É de ver, assim, que a tese em que fundamentou seu pensamento mostra-se, assim, inaceitável.

Conforme decidiu o Pretório Excelso, em acórdão relatado pelo saudoso Ministro MENEZES DE DIREITO:

 

Habeas corpus. Constitucional. Penal Militar e Processual Penal Militar. Porte de substância entorpecente em lugar sujeito à administração militar (art. 290 do CPM). Não-aplicação do princípio da insignificância aos crimes relacionados a entorpecentes. Precedentes. Inconstitucionalidade e revogação tácita do art. 290 do Código Penal Militar. Não-ocorrência. Precedentes. Habeas corpus denegado. 1. É pacífica a jurisprudência desta Corte Suprema no sentido de não ser aplicável o princípio da insignificância ou bagatela aos crimes relacionados a entorpecentes, seja qual for a qualidade do condenado. 2. Não há relevância na argüição de inconstitucionalidade considerando o princípio da especialidade, aplicável, no caso, diante da jurisprudência da Corte. 3. Não houve revogação tácita do artigo 290 do Código Penal Militar pela Lei nº 11.343/06, que estabeleceu o Sistema Nacional de Políticas Públicas sobre Drogas, bem como normas de prevenção ao consumo e repressão à produção e ao tráfico de entorpecentes, com destaque para o art. 28, que afasta a imposição de pena privativa de liberdade ao usuário. Aplica-se à espécie o princípio da especialidade, não havendo razão para se cogitar de retroatividade da lei penal mais benéfica. 4. Habeas corpus denegado e liminar cassada”.
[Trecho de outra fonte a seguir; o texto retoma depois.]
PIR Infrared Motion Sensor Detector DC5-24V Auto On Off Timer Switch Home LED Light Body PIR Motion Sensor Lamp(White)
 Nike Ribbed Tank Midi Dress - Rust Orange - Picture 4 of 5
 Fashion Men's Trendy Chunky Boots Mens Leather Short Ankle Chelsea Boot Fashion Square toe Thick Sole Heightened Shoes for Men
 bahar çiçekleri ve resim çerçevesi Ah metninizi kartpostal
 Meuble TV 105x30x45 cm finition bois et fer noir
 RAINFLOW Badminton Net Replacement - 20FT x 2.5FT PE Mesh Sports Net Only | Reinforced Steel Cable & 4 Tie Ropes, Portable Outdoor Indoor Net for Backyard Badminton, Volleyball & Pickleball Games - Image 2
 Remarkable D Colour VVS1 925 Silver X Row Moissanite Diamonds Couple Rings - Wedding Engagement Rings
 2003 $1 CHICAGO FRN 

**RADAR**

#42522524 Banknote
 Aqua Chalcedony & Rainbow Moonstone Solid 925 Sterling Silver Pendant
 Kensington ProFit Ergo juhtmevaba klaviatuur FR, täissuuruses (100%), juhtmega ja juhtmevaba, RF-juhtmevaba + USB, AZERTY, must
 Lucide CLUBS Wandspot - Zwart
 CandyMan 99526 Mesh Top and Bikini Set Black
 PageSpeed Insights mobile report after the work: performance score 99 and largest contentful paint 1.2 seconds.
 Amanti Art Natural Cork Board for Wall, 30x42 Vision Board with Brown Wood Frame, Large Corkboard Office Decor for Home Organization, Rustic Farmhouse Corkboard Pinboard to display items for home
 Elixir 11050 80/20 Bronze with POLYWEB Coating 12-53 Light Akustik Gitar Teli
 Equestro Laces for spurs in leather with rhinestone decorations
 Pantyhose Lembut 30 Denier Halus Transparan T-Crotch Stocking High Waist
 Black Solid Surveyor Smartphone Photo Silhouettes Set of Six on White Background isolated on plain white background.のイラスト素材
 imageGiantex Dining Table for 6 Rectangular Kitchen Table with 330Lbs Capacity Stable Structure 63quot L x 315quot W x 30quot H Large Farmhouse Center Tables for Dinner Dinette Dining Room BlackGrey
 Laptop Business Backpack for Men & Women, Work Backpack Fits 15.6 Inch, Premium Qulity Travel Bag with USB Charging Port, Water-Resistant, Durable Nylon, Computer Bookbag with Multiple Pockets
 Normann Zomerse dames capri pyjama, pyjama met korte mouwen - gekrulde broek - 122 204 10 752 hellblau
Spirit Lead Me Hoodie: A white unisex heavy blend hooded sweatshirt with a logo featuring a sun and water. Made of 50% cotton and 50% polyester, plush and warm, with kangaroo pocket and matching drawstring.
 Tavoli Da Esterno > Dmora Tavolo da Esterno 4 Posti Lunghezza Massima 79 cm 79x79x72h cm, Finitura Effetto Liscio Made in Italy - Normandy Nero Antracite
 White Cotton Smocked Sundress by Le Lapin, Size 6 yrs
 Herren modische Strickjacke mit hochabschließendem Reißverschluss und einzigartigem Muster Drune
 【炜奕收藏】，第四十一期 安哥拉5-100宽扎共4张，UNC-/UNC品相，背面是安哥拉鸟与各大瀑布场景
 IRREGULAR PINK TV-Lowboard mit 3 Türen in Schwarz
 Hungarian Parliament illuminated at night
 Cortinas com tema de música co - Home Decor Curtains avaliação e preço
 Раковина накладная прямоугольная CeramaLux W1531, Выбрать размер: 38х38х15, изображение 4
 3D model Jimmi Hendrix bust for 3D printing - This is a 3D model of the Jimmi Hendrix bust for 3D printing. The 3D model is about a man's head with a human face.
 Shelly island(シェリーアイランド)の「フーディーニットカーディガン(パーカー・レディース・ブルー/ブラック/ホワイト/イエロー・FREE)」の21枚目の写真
(HC n. 91.759, rel.  Min. MENEZES DIREITO, 1.ª Turma, julgado em 09/10/2007, publicado no DJ de 30-11-2007, pág. 77).

 

Não discrepa, ainda, a mais recente jurisprudência da Suprema Corte, como se nota em aresto relatado pelo eminente Ministro RICARDO LEWANDOWSKI:

 

“PENAL. HABEAS CORPUS. ART. 28 DA LEI 11.343/2006. PORTE ILEGAL DE SUBSTÂNCIA ENTORPECENTE. EXTINÇÃO DA PUNIBILIDADE. RECONHECIMENTO DA PRESCRIÇÃO DA PRETENSÃO PUNITIVA ESTATAL. ÍNFIMA QUANTIDADE. PRINCÍPIO DA INSIGNIFICÂNCIA. INAPLICABILIDADE. PERICULOSIDADE SOCIAL DA AÇÃO. EXISTÊNCIA. CRIME DE PERIGO ABSTRATO OU PRESUMIDO. PRECEDENTES. WRIT PREJUDICADO. I - Com o reconhecimento da prescrição da pretensão punitiva estatal, não mais subsiste o alegado constrangimento ilegal suportado pelo paciente. II – A aplicação do princípio da insignificância de modo a tornar a conduta atípica exige sejam preenchidos, de forma concomitante, os seguintes requisitos: (i) mínima ofensividade da conduta do agente; (ii) nenhuma periculosidade social da ação; (iii) reduzido grau de reprovabilidade do comportamento; e (iv) relativa inexpressividade da lesão jurídica. III – No caso sob exame, não há falar em ausência de periculosidade social da ação, uma vez que o delito de porte de entorpecente é crime de perigo presumido. IV – É firme a jurisprudência desta Corte no sentido de que não se aplica o princípio da insignificância aos delitos relacionados a entorpecentes. V – A Lei 11.343/2006, no que se refere ao usuário, optou por abrandar as penas e impor medidas de caráter educativo, tendo em vista os objetivos visados, quais sejam: a prevenção do uso indevido de drogas, a atenção e reinserção social de usuários e dependentes de drogas. VI – Nesse contexto, mesmo que se trate de porte de quantidade ínfima de droga, convém que se reconheça a tipicidade material do delito para o fim de reeducar o usuário e evitar o incremento do uso indevido de substância entorpecente. VII – Habeas corpus prejudicado”.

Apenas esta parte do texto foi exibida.